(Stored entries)
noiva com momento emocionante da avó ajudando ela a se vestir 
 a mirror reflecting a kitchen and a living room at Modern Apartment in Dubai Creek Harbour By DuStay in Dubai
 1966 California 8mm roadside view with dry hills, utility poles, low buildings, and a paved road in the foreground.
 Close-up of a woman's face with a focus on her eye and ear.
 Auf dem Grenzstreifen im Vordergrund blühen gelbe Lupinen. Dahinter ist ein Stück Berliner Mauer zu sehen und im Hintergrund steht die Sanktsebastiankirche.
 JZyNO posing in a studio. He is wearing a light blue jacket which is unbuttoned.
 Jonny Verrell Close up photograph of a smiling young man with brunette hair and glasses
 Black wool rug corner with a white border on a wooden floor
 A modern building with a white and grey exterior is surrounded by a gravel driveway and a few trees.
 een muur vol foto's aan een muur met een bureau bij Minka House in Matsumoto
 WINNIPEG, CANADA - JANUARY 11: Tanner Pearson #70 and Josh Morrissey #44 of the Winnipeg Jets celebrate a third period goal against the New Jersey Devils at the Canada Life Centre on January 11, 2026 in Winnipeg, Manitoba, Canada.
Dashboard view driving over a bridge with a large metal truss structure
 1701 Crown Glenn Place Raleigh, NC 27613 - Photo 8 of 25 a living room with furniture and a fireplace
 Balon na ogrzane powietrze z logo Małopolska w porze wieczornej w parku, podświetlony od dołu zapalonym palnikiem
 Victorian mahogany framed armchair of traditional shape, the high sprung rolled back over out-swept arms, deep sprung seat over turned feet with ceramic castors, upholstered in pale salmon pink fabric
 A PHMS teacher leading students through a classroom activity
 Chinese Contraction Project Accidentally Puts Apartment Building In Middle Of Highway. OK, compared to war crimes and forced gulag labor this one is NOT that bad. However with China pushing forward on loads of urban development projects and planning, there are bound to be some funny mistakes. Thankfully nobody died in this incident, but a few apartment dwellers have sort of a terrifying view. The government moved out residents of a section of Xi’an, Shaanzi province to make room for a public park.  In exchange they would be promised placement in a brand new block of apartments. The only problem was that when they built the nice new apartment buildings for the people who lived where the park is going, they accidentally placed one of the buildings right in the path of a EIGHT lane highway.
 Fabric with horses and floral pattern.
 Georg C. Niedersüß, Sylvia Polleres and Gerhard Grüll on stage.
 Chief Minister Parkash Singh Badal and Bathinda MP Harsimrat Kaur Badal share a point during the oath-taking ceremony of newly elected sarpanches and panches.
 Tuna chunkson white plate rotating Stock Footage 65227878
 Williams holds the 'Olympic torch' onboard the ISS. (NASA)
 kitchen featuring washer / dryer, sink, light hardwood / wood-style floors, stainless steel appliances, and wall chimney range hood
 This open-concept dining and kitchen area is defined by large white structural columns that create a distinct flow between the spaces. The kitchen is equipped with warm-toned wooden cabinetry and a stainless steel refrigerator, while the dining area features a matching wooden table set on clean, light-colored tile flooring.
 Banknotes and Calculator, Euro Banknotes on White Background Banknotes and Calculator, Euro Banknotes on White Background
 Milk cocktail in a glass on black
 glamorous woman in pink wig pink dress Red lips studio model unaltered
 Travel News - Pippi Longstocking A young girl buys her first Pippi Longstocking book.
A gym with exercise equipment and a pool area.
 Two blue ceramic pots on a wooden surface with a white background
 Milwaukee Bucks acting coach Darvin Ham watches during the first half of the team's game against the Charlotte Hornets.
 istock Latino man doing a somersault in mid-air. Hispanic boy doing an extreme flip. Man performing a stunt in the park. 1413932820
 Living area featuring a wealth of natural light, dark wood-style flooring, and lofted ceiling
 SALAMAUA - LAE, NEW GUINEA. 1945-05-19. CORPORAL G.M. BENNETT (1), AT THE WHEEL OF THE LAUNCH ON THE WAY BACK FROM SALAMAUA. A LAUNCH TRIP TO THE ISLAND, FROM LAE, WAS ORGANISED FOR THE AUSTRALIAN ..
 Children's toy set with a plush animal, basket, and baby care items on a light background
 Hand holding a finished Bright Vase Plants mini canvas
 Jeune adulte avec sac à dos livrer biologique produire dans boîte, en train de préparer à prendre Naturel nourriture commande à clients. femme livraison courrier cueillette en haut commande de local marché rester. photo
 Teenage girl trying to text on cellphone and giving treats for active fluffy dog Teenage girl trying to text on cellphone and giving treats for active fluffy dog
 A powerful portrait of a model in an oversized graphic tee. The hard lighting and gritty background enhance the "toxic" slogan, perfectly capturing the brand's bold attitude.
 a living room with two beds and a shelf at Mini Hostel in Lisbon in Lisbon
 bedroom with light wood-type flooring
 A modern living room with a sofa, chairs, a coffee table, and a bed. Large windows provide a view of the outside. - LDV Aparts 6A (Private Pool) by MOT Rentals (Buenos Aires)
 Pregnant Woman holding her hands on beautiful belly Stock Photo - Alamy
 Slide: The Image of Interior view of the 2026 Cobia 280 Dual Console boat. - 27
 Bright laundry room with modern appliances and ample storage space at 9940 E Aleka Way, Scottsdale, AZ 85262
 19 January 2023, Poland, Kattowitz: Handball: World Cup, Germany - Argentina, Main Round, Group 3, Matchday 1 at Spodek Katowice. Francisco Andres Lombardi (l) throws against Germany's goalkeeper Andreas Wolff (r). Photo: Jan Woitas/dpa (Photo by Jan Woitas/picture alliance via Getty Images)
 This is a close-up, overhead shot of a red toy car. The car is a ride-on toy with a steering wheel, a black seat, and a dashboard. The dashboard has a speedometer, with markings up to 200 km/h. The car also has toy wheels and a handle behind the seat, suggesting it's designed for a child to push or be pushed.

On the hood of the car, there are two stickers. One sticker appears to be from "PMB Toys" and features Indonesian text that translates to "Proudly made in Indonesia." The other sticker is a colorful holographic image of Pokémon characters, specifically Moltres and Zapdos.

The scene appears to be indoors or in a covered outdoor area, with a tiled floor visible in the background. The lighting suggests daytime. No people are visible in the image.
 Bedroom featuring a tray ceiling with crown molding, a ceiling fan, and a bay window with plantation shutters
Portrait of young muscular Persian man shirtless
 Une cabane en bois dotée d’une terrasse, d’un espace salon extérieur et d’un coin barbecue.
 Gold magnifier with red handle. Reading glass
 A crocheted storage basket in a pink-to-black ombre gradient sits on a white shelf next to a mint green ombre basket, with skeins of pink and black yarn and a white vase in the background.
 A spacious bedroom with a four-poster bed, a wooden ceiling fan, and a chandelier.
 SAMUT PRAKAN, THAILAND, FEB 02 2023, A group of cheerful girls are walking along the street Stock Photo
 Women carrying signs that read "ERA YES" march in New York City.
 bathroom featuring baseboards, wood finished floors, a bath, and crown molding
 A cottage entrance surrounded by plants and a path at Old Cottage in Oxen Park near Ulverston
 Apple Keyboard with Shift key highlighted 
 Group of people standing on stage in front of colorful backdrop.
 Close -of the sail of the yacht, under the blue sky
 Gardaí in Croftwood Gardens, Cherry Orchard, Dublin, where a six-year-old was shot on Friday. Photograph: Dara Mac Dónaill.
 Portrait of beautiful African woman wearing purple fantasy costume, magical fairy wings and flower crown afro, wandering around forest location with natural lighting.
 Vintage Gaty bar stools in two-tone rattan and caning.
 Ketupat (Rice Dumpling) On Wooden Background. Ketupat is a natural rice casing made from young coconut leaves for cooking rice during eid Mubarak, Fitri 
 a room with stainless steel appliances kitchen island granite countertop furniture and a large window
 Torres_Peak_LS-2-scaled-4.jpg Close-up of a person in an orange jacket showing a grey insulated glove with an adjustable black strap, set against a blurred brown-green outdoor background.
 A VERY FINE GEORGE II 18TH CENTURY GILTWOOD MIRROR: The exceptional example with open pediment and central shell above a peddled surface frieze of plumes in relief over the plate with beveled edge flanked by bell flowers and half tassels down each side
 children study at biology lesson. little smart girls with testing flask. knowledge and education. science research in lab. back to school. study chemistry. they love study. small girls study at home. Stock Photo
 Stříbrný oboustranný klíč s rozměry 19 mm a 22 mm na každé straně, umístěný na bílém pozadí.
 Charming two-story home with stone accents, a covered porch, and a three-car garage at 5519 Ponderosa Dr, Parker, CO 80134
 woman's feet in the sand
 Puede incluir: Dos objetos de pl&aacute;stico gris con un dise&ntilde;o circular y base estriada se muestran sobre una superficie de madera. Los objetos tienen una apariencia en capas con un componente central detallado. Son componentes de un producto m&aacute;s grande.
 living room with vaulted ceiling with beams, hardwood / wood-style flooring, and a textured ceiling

*Action item*. Output only an exact transcription of the lines above from the one with "Williams holds the" up to and including the one with "glamorous woman in".

*Response to this exercise*.
 Williams holds the 'Olympic torch' onboard the ISS. (NASA)
 kitchen featuring washer / dryer, sink, light hardwood / wood-style floors, stainless steel appliances, and wall chimney range hood
 This open-concept dining and kitchen area is defined by large white structural columns that create a distinct flow between the spaces. The kitchen is equipped with warm-toned wooden cabinetry and a stainless steel refrigerator, while the dining area features a matching wooden table set on clean, light-colored tile flooring.
 Banknotes and Calculator, Euro Banknotes on White Background Banknotes and Calculator, Euro Banknotes on White Background
 Milk cocktail in a glass on black
 glamorous woman in pink wig pink dress Red lips studio model unaltered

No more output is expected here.